A displaced Ukrainian and child make their way to board a bus for onward travel at a temporary refugee center, setup at a disused Tesco building, in Przemysl, Poland, on Wednesday, March 16, 2022.
Angel Garcia | Bloomberg | Getty Images

More than 4 million refugees have fled Ukraine since Russia invaded the country in late February, the U.N.'s Office for the High Commissioner for Refugees said Wednesday.

Chloe Taylor

Chernihiv official says Russia continuing to attack the region despite claims it would pull troops back

An external view shows hotel ‘Ukraine’ destroyed during an air strike, as Russia's attack on Ukraine continues, in central Chernihiv, Ukraine March 12, 2022.
Oleh Holovatenko | Reuters

Viasheslav Chaus, governor of Chernihiv, said Wednesday that Russian forces "spent the whole night" attacking the region despite Moscow's claims yesterday that it would pull troops back from Kyiv and Chernihiv.

"Yesterday, the Russians publicly stated that they were reducing their offensive actions and activity in the Chernihiv and Kyiv areas. Do we believe that? Of course not," Chaus said in a Telegram post.

"The enemy demonstrated a 'decrease in activity' in the Chernihiv region by striking Nizhyn, including by air, and spent the whole night hitting Chernihiv," he added. "Civil infrastructure has been destroyed again, libraries, shopping malls and other facilities have been destroyed, and many houses have been destroyed. Because, in fact, the enemy roamed Chernihiv all night."
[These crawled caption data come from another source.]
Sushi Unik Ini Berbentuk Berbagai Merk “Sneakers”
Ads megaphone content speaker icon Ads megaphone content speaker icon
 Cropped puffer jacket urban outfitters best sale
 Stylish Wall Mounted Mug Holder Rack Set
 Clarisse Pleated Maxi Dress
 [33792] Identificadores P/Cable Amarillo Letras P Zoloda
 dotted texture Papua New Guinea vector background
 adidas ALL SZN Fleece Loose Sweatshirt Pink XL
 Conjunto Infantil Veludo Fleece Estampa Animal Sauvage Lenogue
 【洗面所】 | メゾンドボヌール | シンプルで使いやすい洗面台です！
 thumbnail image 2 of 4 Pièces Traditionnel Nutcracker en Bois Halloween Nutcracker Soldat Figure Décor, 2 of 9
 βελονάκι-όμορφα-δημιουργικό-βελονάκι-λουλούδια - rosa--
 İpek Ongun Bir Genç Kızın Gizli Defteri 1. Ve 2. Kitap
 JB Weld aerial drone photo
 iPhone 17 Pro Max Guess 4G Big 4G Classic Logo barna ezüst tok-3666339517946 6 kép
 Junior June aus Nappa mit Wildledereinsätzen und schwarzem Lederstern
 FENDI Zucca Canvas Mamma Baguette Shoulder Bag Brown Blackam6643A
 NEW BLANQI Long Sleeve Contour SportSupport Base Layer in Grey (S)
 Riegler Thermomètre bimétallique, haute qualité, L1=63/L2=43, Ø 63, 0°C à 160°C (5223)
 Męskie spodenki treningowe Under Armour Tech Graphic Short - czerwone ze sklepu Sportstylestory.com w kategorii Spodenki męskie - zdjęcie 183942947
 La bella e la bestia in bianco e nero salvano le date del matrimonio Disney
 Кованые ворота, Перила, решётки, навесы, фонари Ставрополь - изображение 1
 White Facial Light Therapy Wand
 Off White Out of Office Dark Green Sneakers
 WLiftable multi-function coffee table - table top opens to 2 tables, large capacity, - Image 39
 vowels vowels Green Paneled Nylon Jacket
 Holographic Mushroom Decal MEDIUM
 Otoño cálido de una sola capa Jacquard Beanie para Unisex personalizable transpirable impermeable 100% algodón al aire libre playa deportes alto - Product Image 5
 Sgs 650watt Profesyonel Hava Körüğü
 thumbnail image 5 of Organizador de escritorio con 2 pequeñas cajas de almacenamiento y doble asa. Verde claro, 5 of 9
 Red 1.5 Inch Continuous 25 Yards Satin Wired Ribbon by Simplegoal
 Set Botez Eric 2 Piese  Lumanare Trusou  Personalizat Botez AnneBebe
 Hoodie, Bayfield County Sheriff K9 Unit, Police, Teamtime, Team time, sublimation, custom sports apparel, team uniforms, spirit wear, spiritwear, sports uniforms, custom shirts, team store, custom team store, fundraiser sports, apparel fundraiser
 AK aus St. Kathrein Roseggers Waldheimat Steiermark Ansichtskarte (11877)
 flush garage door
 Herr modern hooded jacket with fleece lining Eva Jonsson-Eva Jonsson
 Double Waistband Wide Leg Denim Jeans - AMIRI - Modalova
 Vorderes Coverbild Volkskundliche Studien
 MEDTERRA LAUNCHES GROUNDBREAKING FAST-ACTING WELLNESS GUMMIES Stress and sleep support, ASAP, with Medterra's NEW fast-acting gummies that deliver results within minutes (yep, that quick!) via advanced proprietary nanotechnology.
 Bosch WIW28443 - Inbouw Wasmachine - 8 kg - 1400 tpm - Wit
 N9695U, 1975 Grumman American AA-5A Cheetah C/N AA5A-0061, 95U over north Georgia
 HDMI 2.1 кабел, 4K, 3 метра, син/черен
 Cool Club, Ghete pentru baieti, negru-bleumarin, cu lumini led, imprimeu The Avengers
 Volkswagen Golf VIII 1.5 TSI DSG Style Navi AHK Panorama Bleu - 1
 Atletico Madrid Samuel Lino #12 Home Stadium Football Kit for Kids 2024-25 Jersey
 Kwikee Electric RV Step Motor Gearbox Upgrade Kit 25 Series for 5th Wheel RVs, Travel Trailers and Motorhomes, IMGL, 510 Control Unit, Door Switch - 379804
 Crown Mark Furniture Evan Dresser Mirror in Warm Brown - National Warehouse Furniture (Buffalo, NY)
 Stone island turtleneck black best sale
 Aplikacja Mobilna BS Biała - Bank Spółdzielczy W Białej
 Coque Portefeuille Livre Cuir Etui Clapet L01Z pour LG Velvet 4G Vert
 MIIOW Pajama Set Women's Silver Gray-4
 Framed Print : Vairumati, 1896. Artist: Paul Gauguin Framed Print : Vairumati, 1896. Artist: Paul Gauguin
CNBC has not been able to independently verify these reports. A spokesperson for the Russian government was not immediately available for comment.

— Chloe Taylor

Germany declares 'early warning' stage of gas supply emergency

German Economy Minister Robert Habeck holds a press conference on Wednesday, March 30, 2022.
Kay Nietfeld | Picture Alliance | Getty Images

Germany is bracing for a potential disruption of natural gas supplies, activating the first "early warning" stage of an emergency amid a dispute with Russia.

German Economy Minister Robert Habeck said in a news conference the measure was the first of three stages and does not yet imply a state intervention to ration gas supplies.

Habeck called for consumers and companies to reduce consumption, however, reportedly saying that "every kilowatt hour counts."

It comes as Russian President Vladimir Putin urges so-called "unfriendly" countries to pay in rubles for Russian gas. The G-7, which induces Germany, has rejected that demand.

Habeck has said Germany, which imported around 55% of its gas supplies from Russia last year, would not be able to achieve full independence from Moscow before mid-2024.

— Sam Meredith

You can’t trust ‘what is coming out of the mouth of Putin’s war machine,’ UK’s deputy PM says

Foreign Minister Dominic Raab is pictured in Downing Street on March 25, 2020 in London, England.
Peter Summers | Getty Images

U.K. Deputy Prime Minister Dominic Raab has expressed skepticism over Russia's claims that it intends to scale back its military operations in some parts of Ukraine.

"We judge the Russian military machine by its actions, not just its words," he told Sky News on Wednesday, saying the U.K. was not putting a lot of faith in Russia's stated intentions.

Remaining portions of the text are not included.